For one thing, pay per click advertising is so trackable. Using Google’s online interface, and particularly if you use their conversion tracking code, you can know which keywords are producing conversions for you (i.e. people who not only click on your ad to come to your site, but also fill out the form and become a lead or a sale). You can know which of your campaigns are producing conversions. And if you are running multiple ads side by side in a single campaign, you can know exactly which ones are producing what.

Not only that, but you can know exactly what your cost per lead is. And by adjusting your keyword list, your bids, your text ads, and your landing pages on your site, you can be remarkably in control of that cost per lead.

Another advantage of pay per click advertising over traditional types is that you can test a new campaign for just a few days. If no one clicks on it, you don’t pay anything. You can test something new for a short time and see how it’s going to do. Or test it in one state and roll it out to others if it works well.

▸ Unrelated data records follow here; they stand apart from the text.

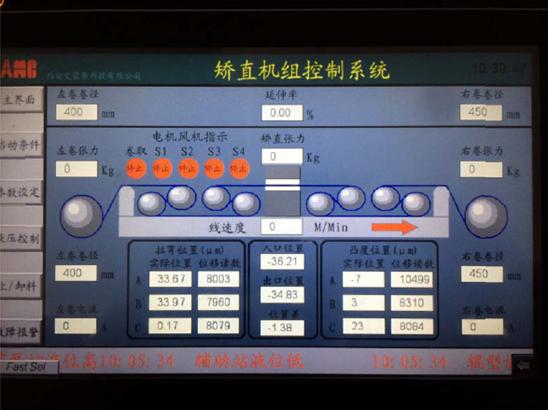 拉矯機(jī)HMI.JPG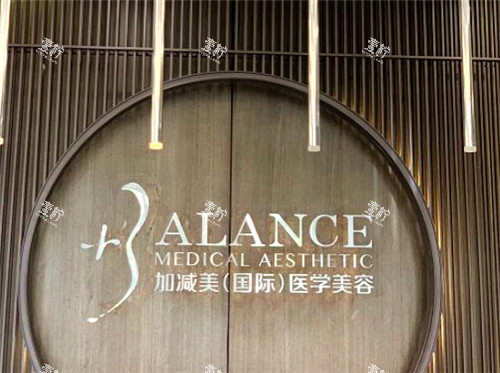 北京加减美医疗美容logo图.jpg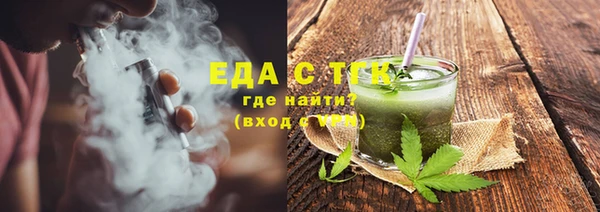 мефедрон Покровск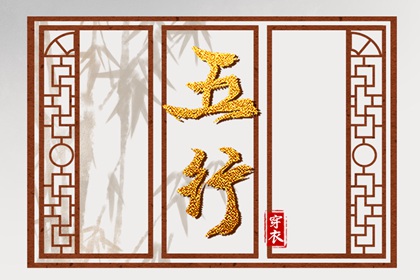 2025万年历日历 日历表2025年 日历黄道吉日2025年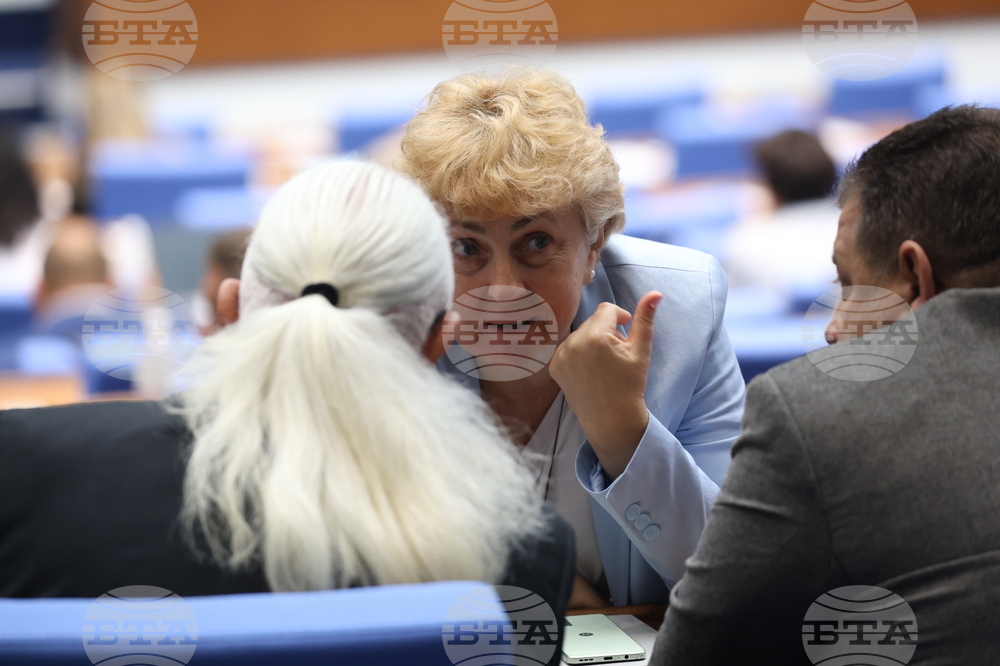 Народно събрание - заседание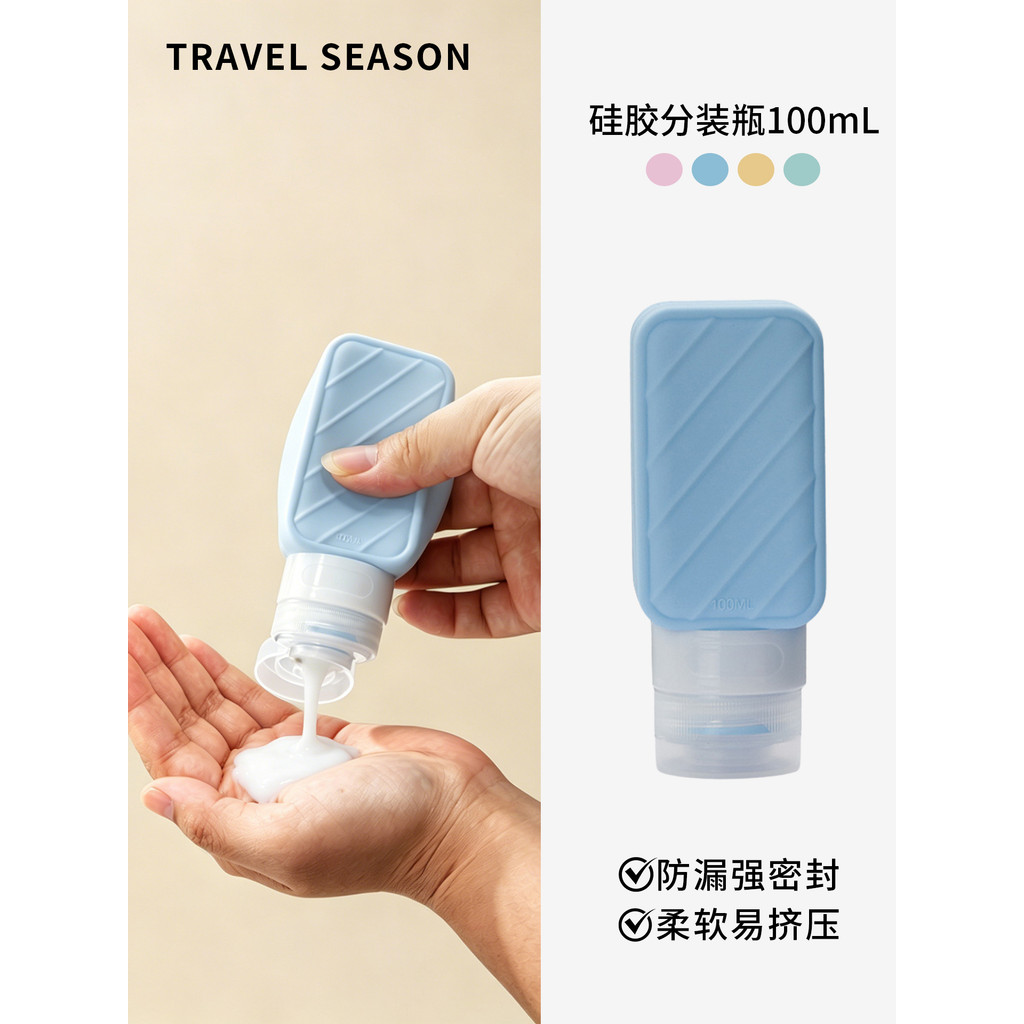 Squeeze produtos de higiene pessoal sub-embalagem garrafa vazia de Silicone macio conjunto de sub-engarrafamento de viag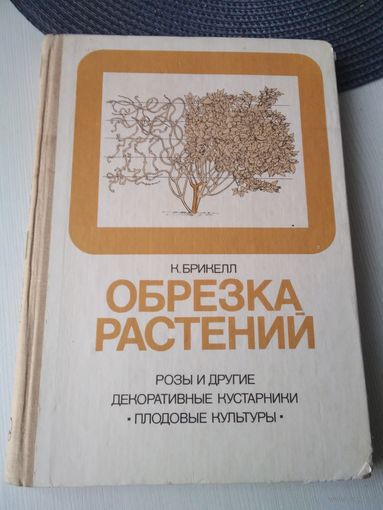 Обрезка растений. Розы и другие декоративные кустарники. Плодовые культуры. /44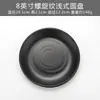 Prato Redondo A5 Melamina Preto Fosco Estilo Japonês e Coreano Porcelana de Imitação Prato para Churrasco Plástico Prato para Pratos Frios Buffet Prato para Panela Quente Prato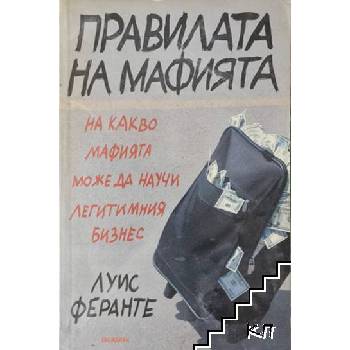 Правилата на мафията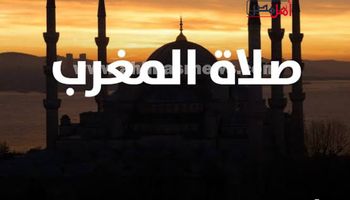 صلاة المغرب بالفيوم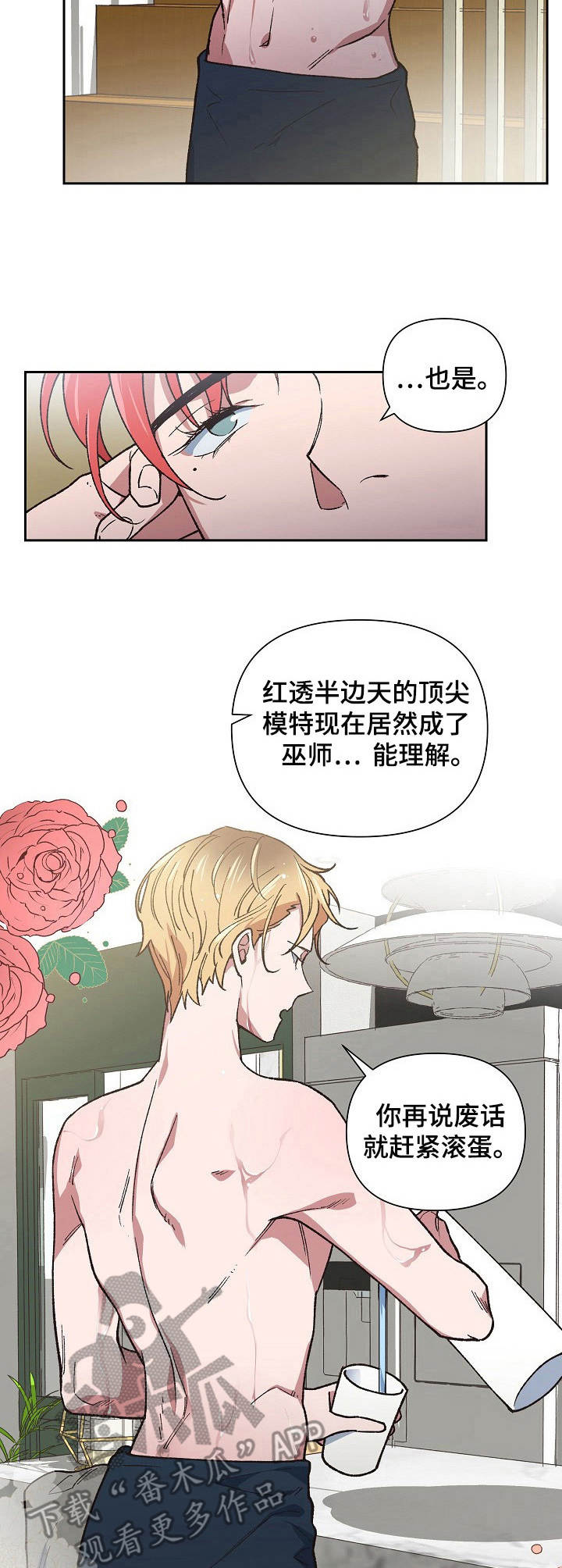 祖灵庙漫画,第4章：强行邀请2图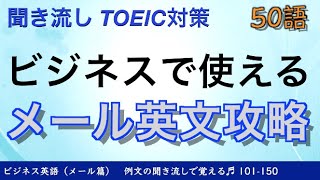【聞き流し】英文ビジネスｅメール TOEIC攻略 101-150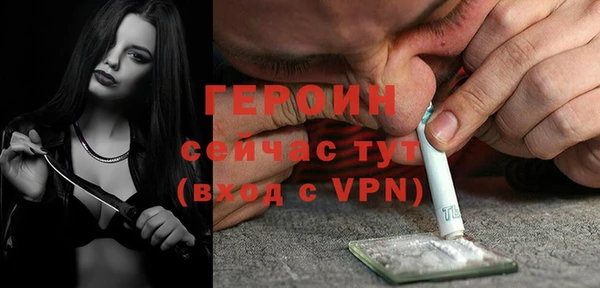 mdma Касимов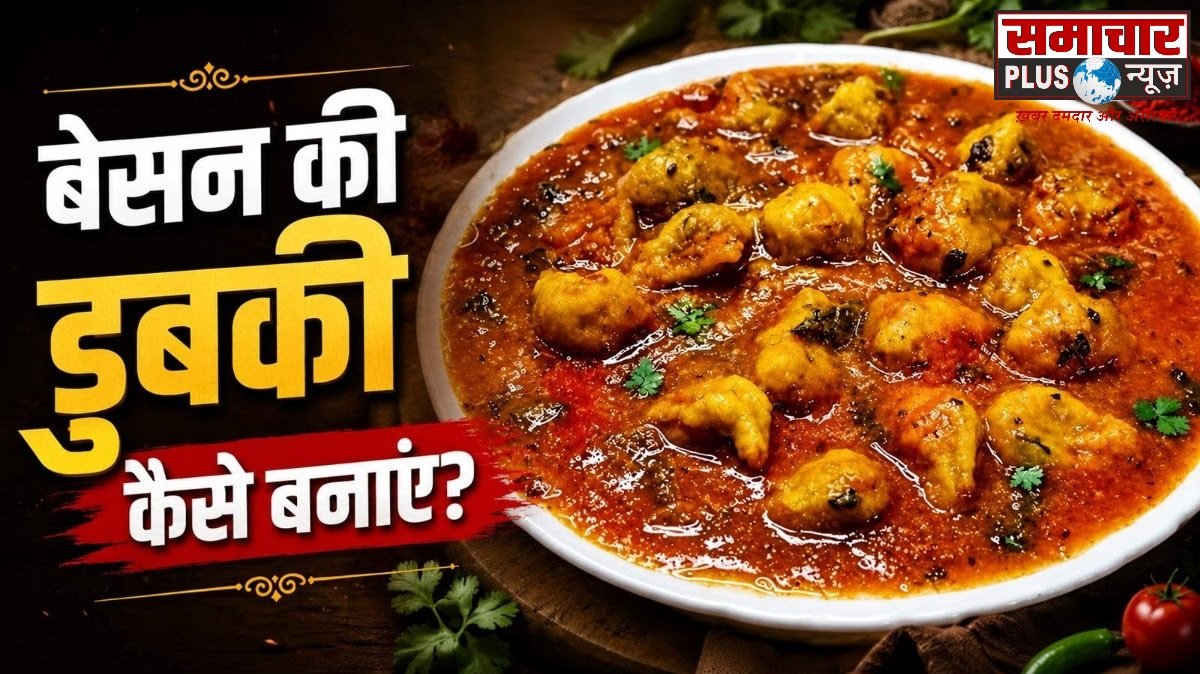 घर में सब्जी खत्म हो गई? बेसन से बनाएं राजस्थानी डुबकी, स्वाद चखते ही सब करेंगे तारीफ।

You don’t get anything like that level of control or accountability with, say print advertising. You pay whether there is any response or not.

So what is the result going to be of the current economic climate, where advertisers in many markets are likely to have less to spend? I agree with Eric Qualman of Search Engine Watch, who writes:

“1. Online Marketing Spend OK

“As we’ve seen during tough financial turns in the last 14 years, proven online marketing channels are often the last to be cut because they’re so efficient. The medium is trackable to a hard ROI, so companies often shift a higher percentage of their total spend to online. Paid search and e-mail are the last two pillars to be cut.

“Some of this depends on which vertical (business segment) your company is in. For example, Proctor & Gamble is probably more likely to cut paid search than Hyatt.”

“One likely outcome of all of this is a permanent shift from traditional channels of marketing to online marketing. Yes, online marketing could become the highest percentage of marketing spend sooner than any of us imagined.”

Search Engine Watch is a great source for data on search engine marketing by the way.

So my advice is to keep your dollars in pay per click, search engine optimization and link building during this time period. Pay per click will get you the fast result and return on investment, while SEO and link building take a bit longer to get results but the return on investment is higher in the long run.